Price then goes on to establish the groundwork for supporting the right to overthrow a repressive State. He says it's one's patriotic duty to enlighten one's countrymen, who otherwise the world over seem willing to suffer under repressive rule.

Liberty is a great blessing to be advocated with patriotic zeal, essential to the prosperity of any nation, something to be defended both from external aggression and internal oppression. He states that "if you love your country, you cannot be zealous enough in promoting the cause of liberty in it."

==Natural rights==
Price also establishes the basic tenor of the entire Revolution Controversy, identifying natural rights as fundamental to patriotism, and listing the three he considers most essential:

First; The right to liberty of conscience in religious matters.
Secondly; The right to resist power when abused. And,
Thirdly; The right to choose our own governors; to cashier them for misconduct; and to frame a government for ourselves.

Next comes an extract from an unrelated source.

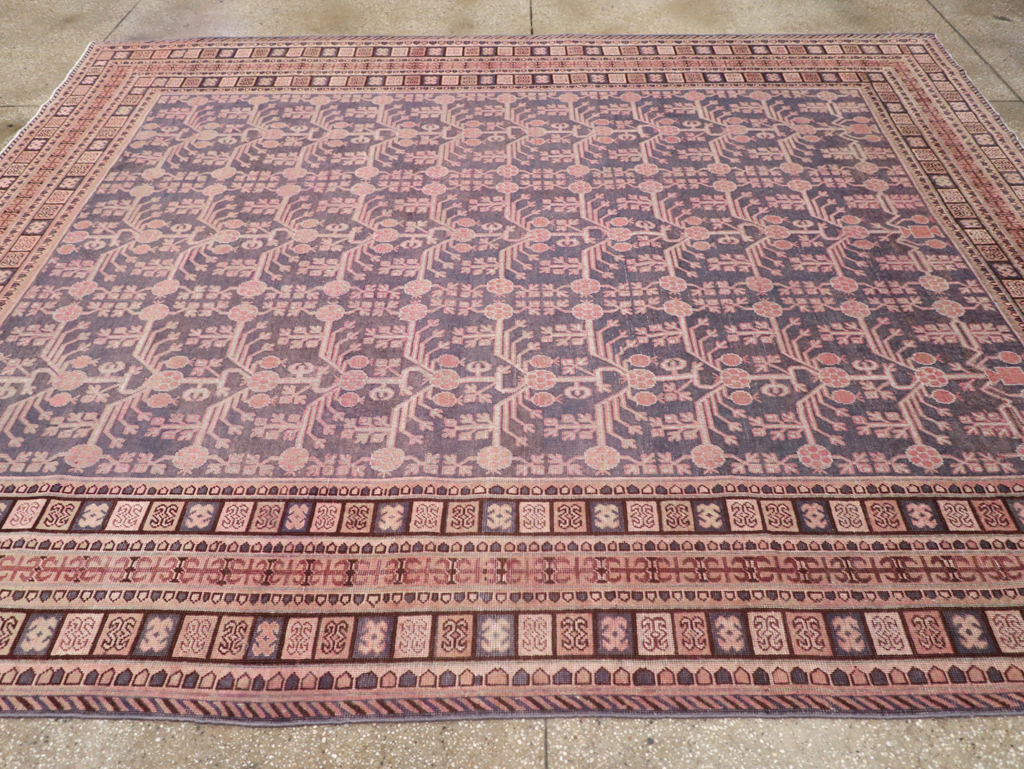Antique East Turkestan Khotan Room Size Carpet, No.31787 - Staging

The Glorious Revolution, he says, was founded on those three principles (the English Bill of Rights came from that event), and that without them it would not have been legitimate, a rebellion (implicitly bad) instead of a revolution.

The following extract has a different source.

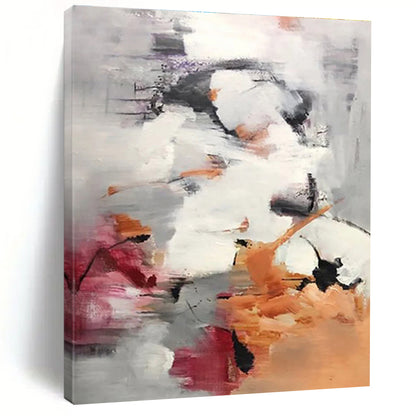 Unique Abstract Art Gray, Orange & Red Abstract Dynamic Shapes Art HS394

He goes on to, mostly implicitly, associate both the French and American revolutions with these principles and to celebrate this association. As with the rest of his narrative, he sprinkles religious terminology in this conclusion, saying of this time of revolution:

What an eventful period is this! I am thankful that I have lived to [see] it; and I could almost say, Lord, now lettest thou thy servant depart in peace, for mine eyes have seen thy salvation. I have lived to see a diffusion of knowledge, which has undermined superstition and error. I have lived to see the rights of men better understood than ever; and nations panting for liberty, which seemed to have lost the idea of it. I have lived to see Thirty Millions of people, indignant and resolute, spurning at slavery, and demanding liberty with an irresistible voice; their king led in triumph, and an arbitrary monarch surrendering himself to his subjects. After sharing in the benefits of one Revolution, I have been spared to be a witness to two other Revolutions, both glorious. And now, methinks, I see the ardor for liberty catching and spreading; a general amendment beginning in human affairs; the dominion of kings changed for the dominion of laws, and the dominion of priests giving way to the dominion of reason and conscience.

==Impact==
This speech was quickly picked up by pamphleteers and printed in London and Boston, spurring responses both by supporters and critics in a flurry of debate known as the Revolution Controversy.

Edmund Burke criticised Price's ideas and defended the British constitution, converting a short text of his own into a longer response, Reflections on the Revolution in France. William Coxe opposed the premise that one's country is principles and people, not the State itself.

Conversely, two seminal political pieces of political history were written in Price's favour by members of his congregation at Newington Green Unitarian Church, Rights of Man by Thomas Paine, and A Vindication of the Rights of Men by Mary Wollstonecraft, who followed this with what is sometimes described as the first feminist text, A Vindication of the Rights of Woman. In 1792 Christopher Wyvill published Defence of Dr. Price and the Reformers of England, a plea for reform and moderation.

This exchange of ideas has been described as "one of the great political debates in British history." Even in France, there was varying agreement during this debate, English participants generally opposing the violent means that the Revolution had used to achieve its ends.